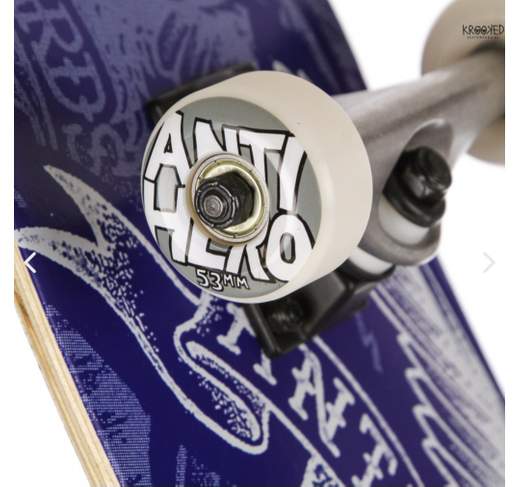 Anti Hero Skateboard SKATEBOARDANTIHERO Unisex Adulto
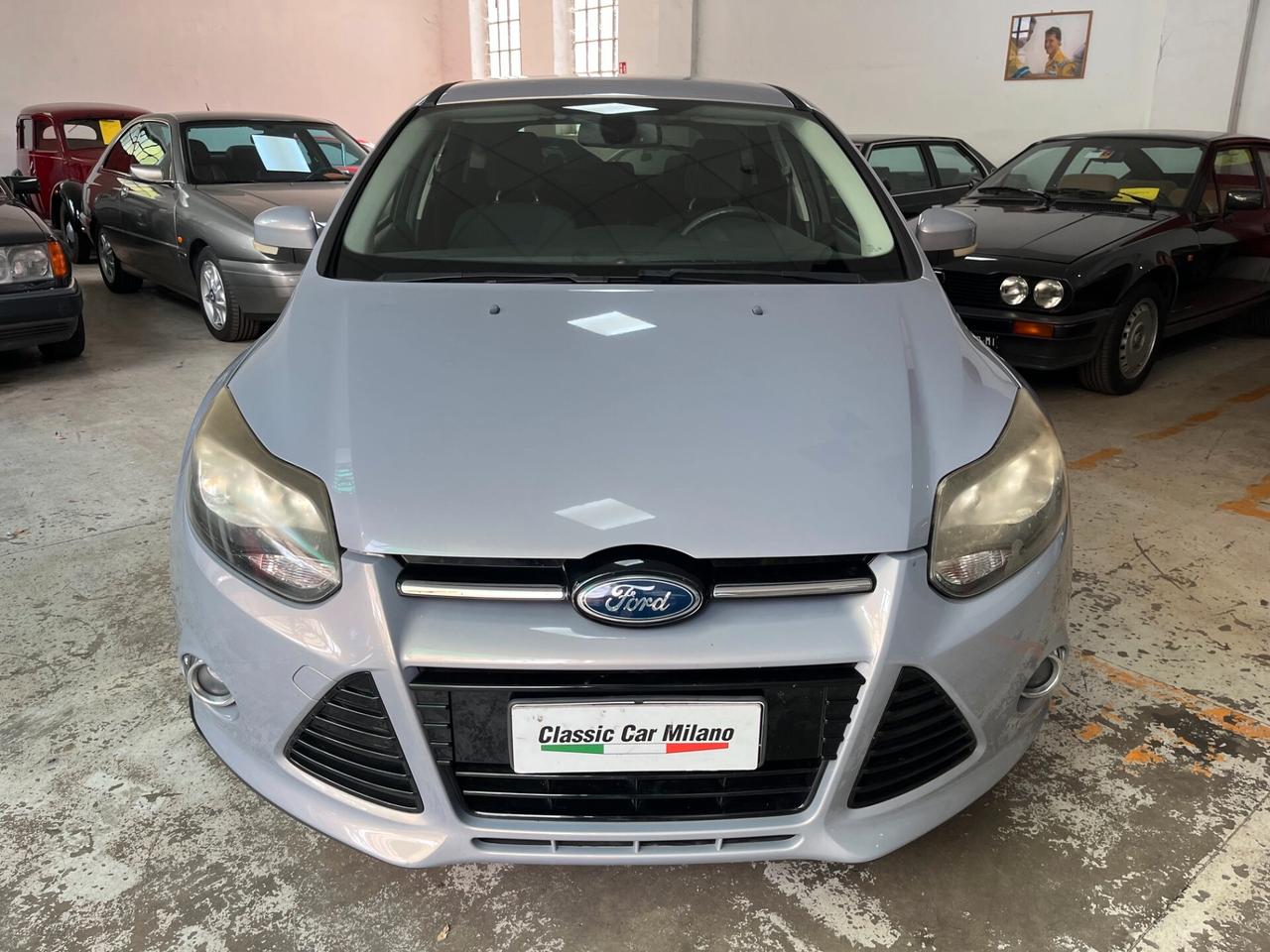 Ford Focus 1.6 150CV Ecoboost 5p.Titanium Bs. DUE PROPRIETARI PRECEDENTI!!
===
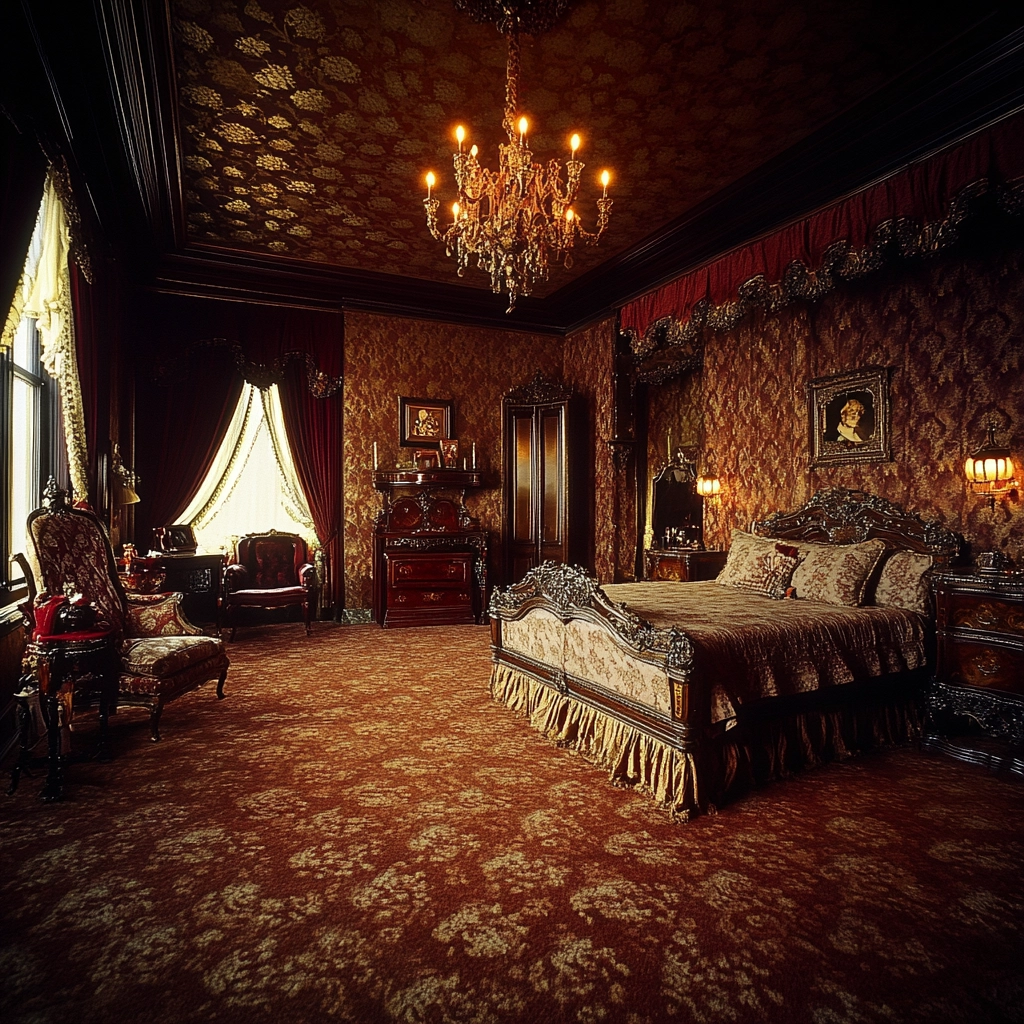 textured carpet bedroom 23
===
### Goal of the exercise
Reproduce exactly the lines above starting at the line containing "Anti Hero Skateboard" and ending at the line containing "Ford Focus 1.6", including both, but not the pictures.

### Completed exercise
 Anti Hero Skateboard SKATEBOARDANTIHERO Unisex Adulto
 Ford Focus 1.6 150CV Ecoboost 5p.Titanium Bs. DUE PROPRIETARI PRECEDENTI!!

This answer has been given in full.